= Beginning of Section =

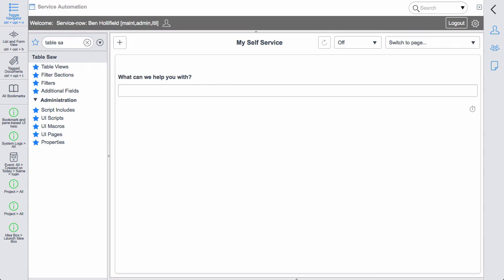Hello, this is Ben Holifield with a quick update on the Tablesaw app for ServiceNow. We just released Tablesaw about a week or two ago for ServiceNow, and we have a demo video out for that on YouTube as well. If you haven't seen that, I suggest you go check it out first to see what Tablesaw does.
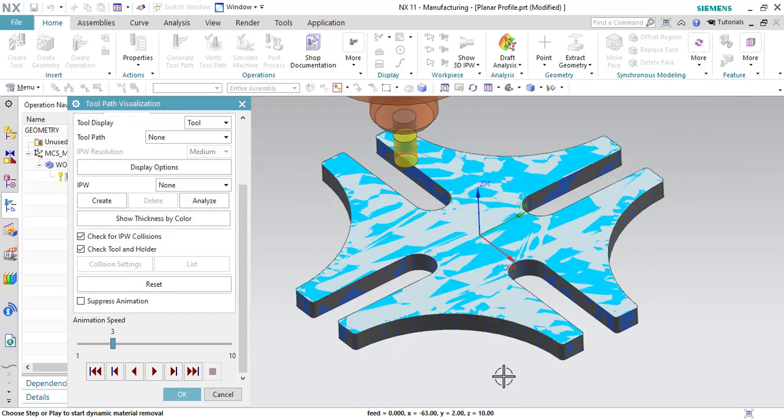So that is all related to planar profile operation. If you have any doubts related to this topic, kindly put them in the comments. If you really like our sessions, please like, share, subscribe, and comment. Thank you so much.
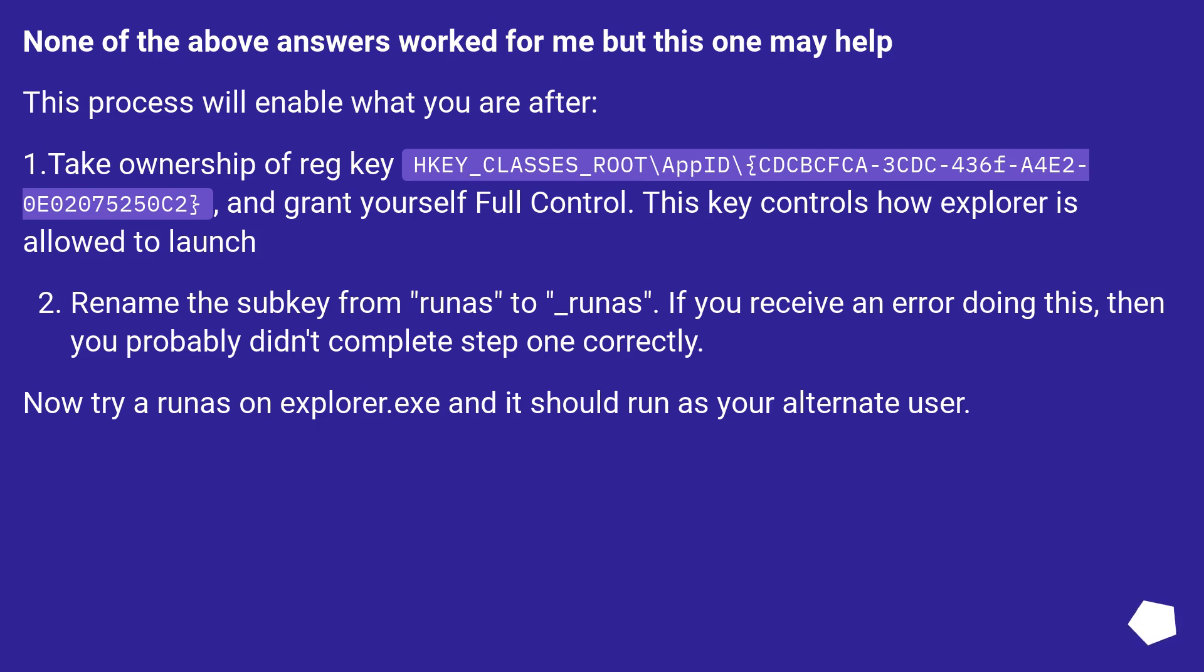Rename the subkey from runas to _runas. If you receive an error doing this, then you probably didn't complete step 1 correctly. Now try a runas on explorer.exe and it should run as your alternate user.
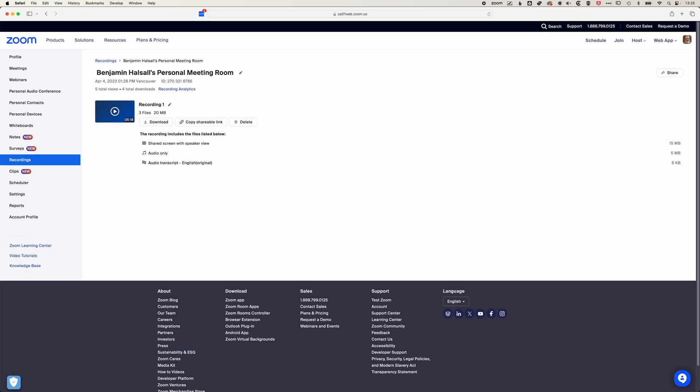And the other option is to hover over the video, which will include the audio as well. And we can come across to the right and click on the download button here, which will download that video.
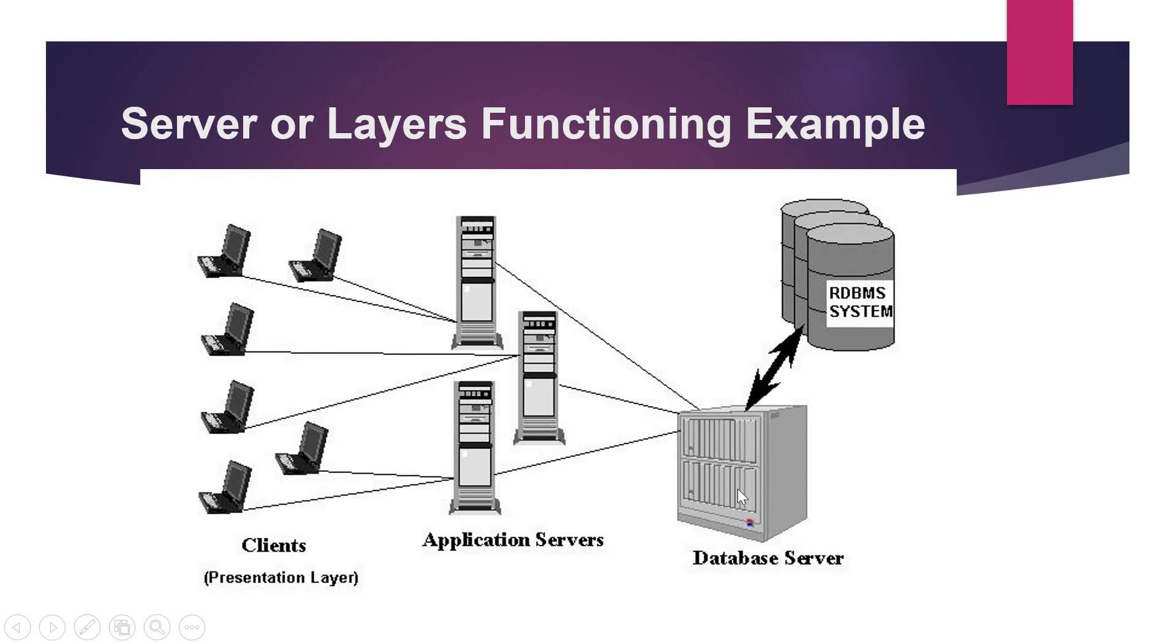And then finally there is a database server which consists of the RDBMS system whereby the data of the users are stored. So these are the three important models of the SAP system which are maintained under three different machines.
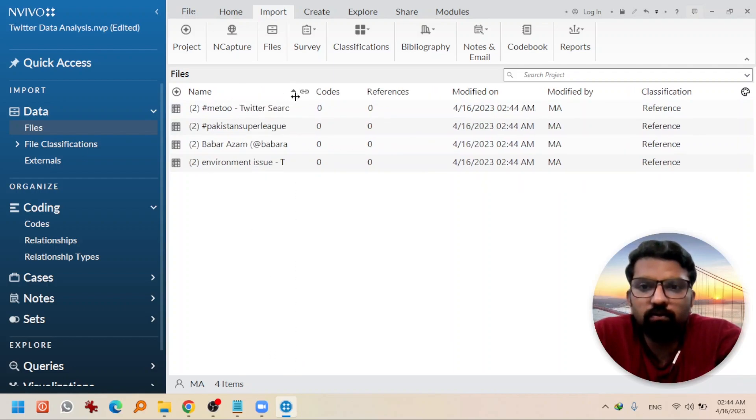So this is the process of importing data into NVivo. I discussed the benefits of downloading data as datasets from Twitter, and then we learned how to import that data into NVivo. If you want to follow this series, please subscribe to this channel so you won't miss any video I'm going to post in the coming days.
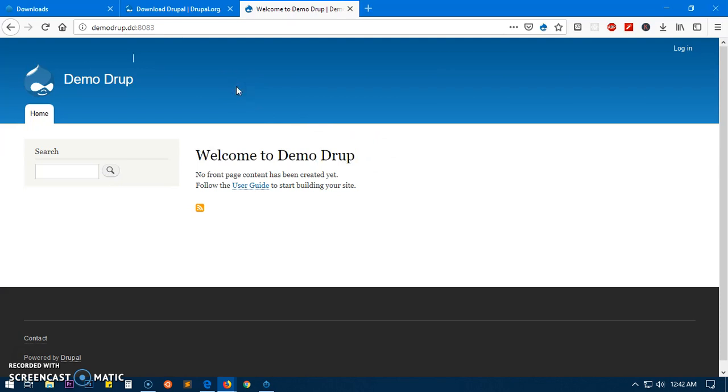This is how you install Drupal 8.7 on your Microsoft Windows system and Mac as well. Thank you so much for watching this video. Please like, share and subscribe to my channel. Have a good day.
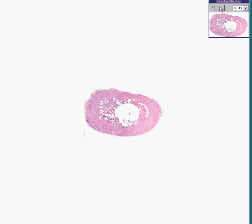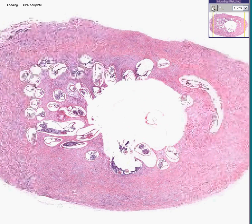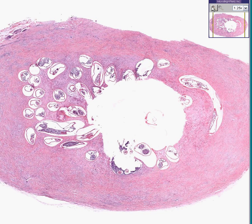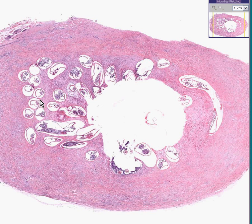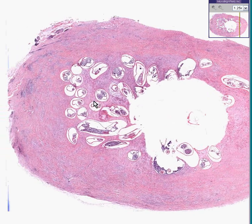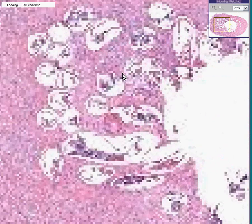This particular worm is called Onchocerca volvulus. It causes a disease called river blindness because that's where you pick up the organism — around a river. It's predominantly in Africa and it's the second most common cause of blindness worldwide.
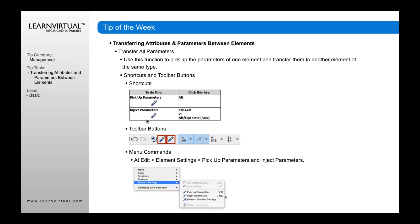For example, if I drag my eyedropper to a window and grab the attributes, I can go to another window in my project. If I hold down Control-Alt, or on Mac the Alt-Command, it enables the syringe, and I can inject those properties into another element. You can also access these two options by going to your toolbar and clicking the eyedropper or the syringe.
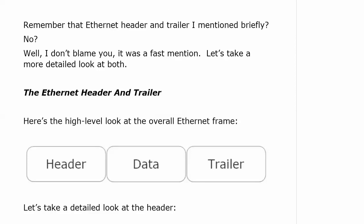Remember the Ethernet header and trailer I mentioned briefly earlier? Even though Ethernet, Fast Ethernet, and Gigabit Ethernet all have the same frame format — header, data, trailer — there's a little more detail we need to go into, and we're going to do that in the very next video. I'll see you there.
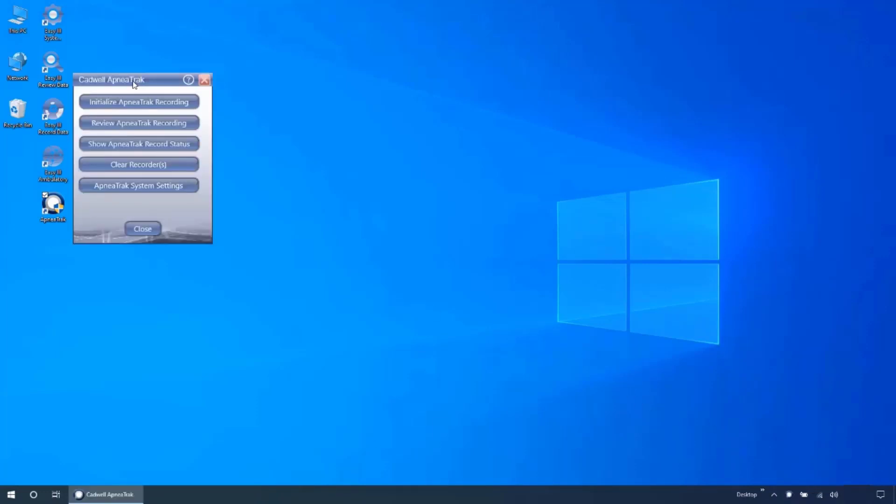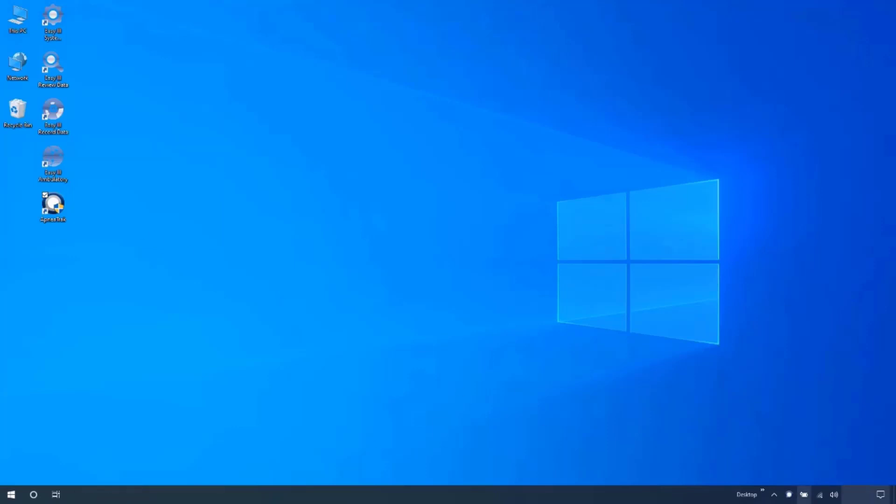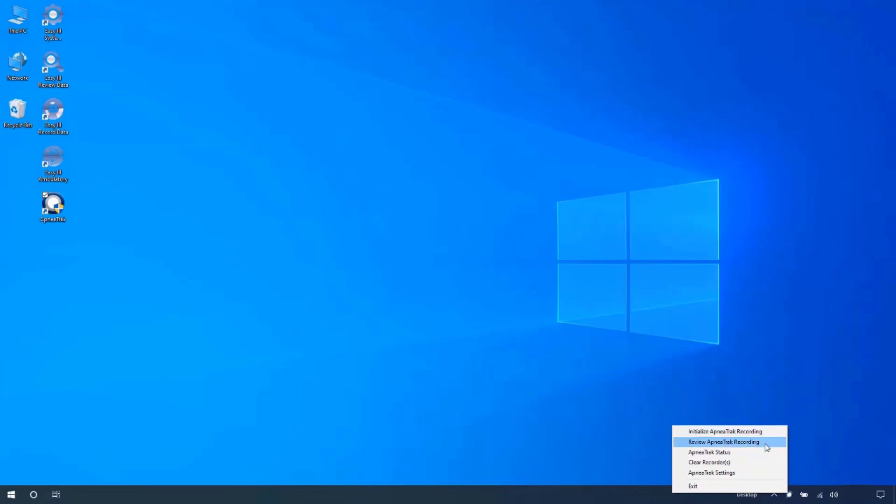This will open a jump menu, giving you access to all the ApneaTrak control screens. You can also right click on the ApneaTrak icon in the system tray for direct access to the initialize, review, status, clear, or settings menus.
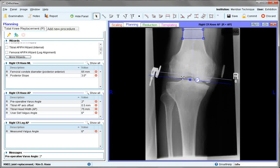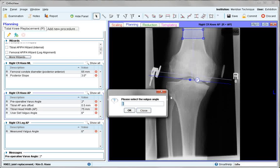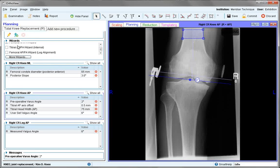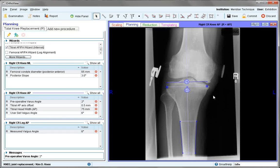The valgus angle can be set in preferences or adjusted here if a different value is required. There are two tibial AP wizards. We are currently using the internal, which is best to position if you only have a knee joint image. There is also an external wizard, which we will show after templating, as an alternative if you have a long leg image available.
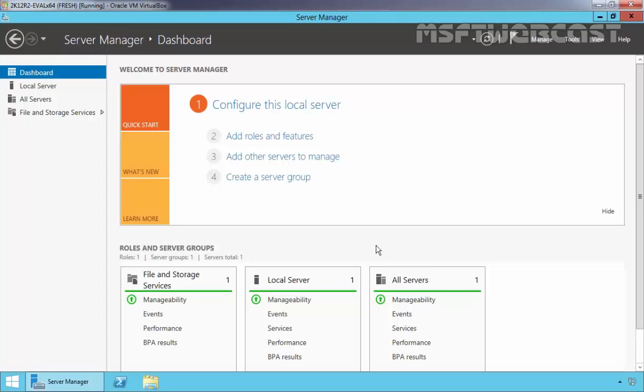To enable Remote Desktop features on the target computer, you must follow certain steps. For the purpose of this demonstration, I am using a Windows Server 2012 R2 Datacenter Evaluation Edition VM.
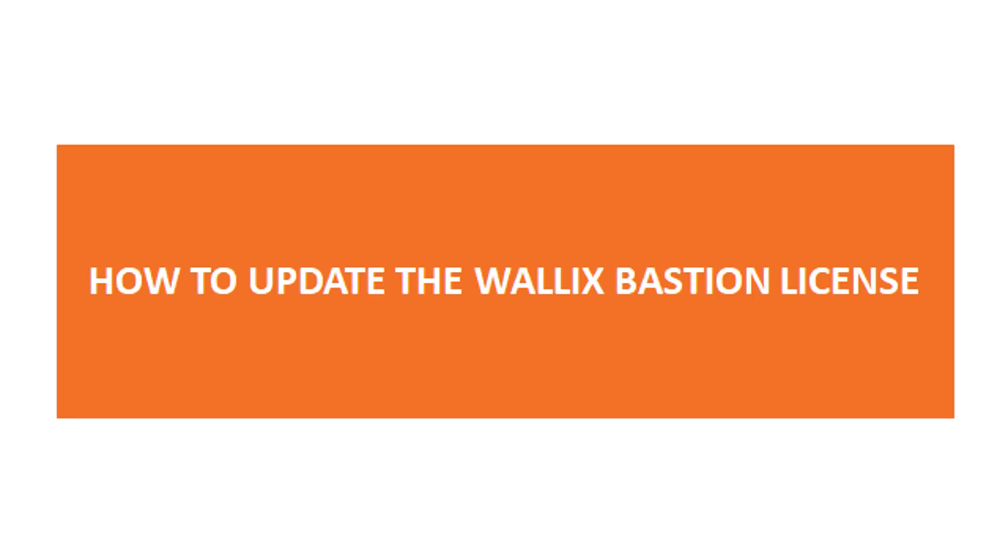Hello everyone, I am Danish Khan, pre-sales for Wallix. Welcome to this Bastion solution video. Today we are going to learn how to update the Bastion license.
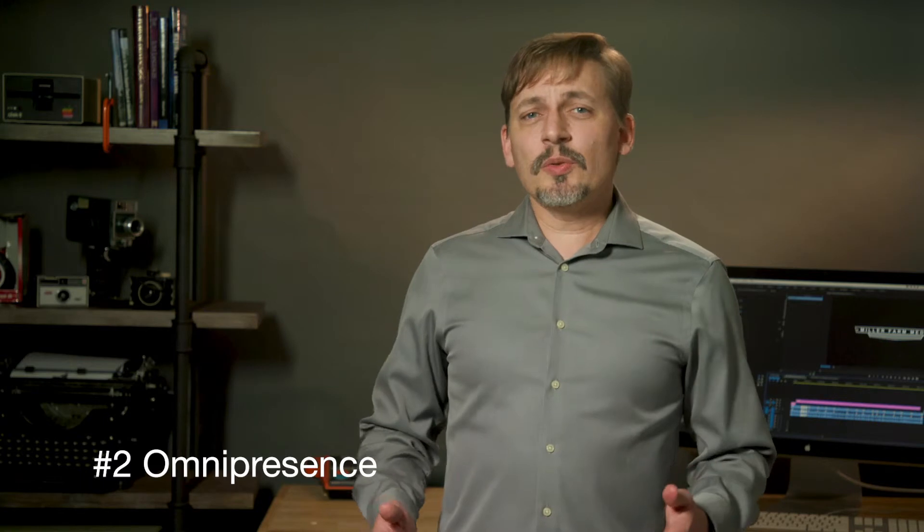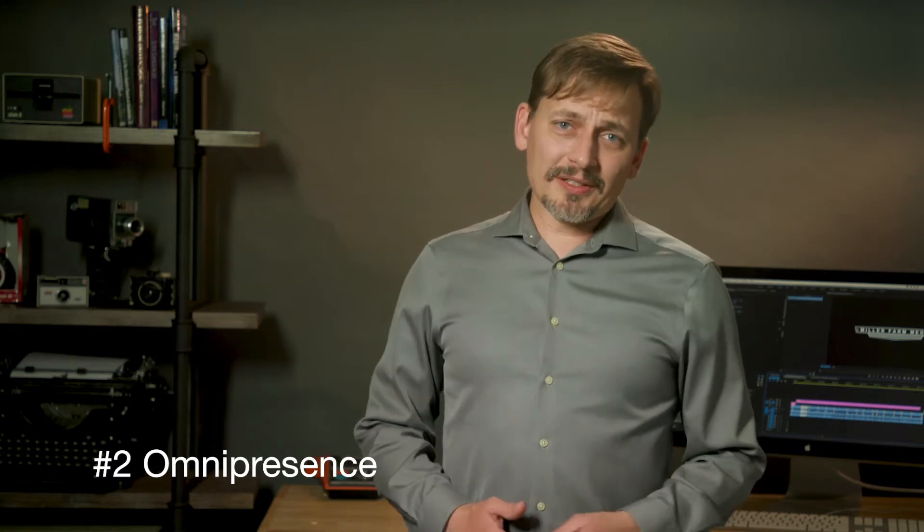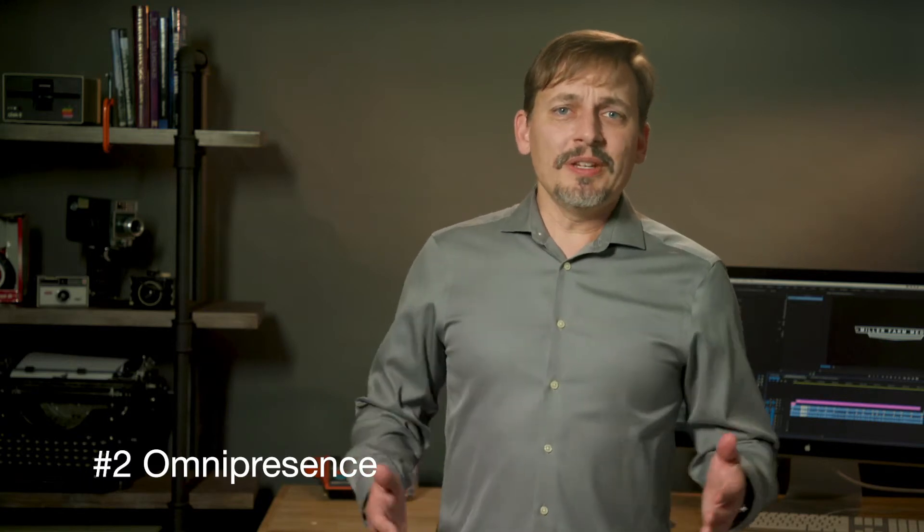Tip number 2 is omnipresence. You need to stay in front of your prospects until they purchase, and then you need to continue to remind them that you're there. This can be done with weekly thought leader videos. Thought leader videos feature experts who are able to give advice to the viewer.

= End of Section =

◆ Work instruction:
Find the line with "So this is the" and the line with "This is how" in the records above. Copy both and all lines between them exactly, without pictures.

◆ Solved exercise:
So this is the process of importing data into NVivo. I discussed the benefits of downloading data as datasets from Twitter, and then we learned how to import that data into NVivo. If you want to follow this series, please subscribe to this channel so you won't miss any video I'm going to post in the coming days.
This is how you install Drupal 8.7 on your Microsoft Windows system and Mac as well. Thank you so much for watching this video. Please like, share and subscribe to my channel. Have a good day.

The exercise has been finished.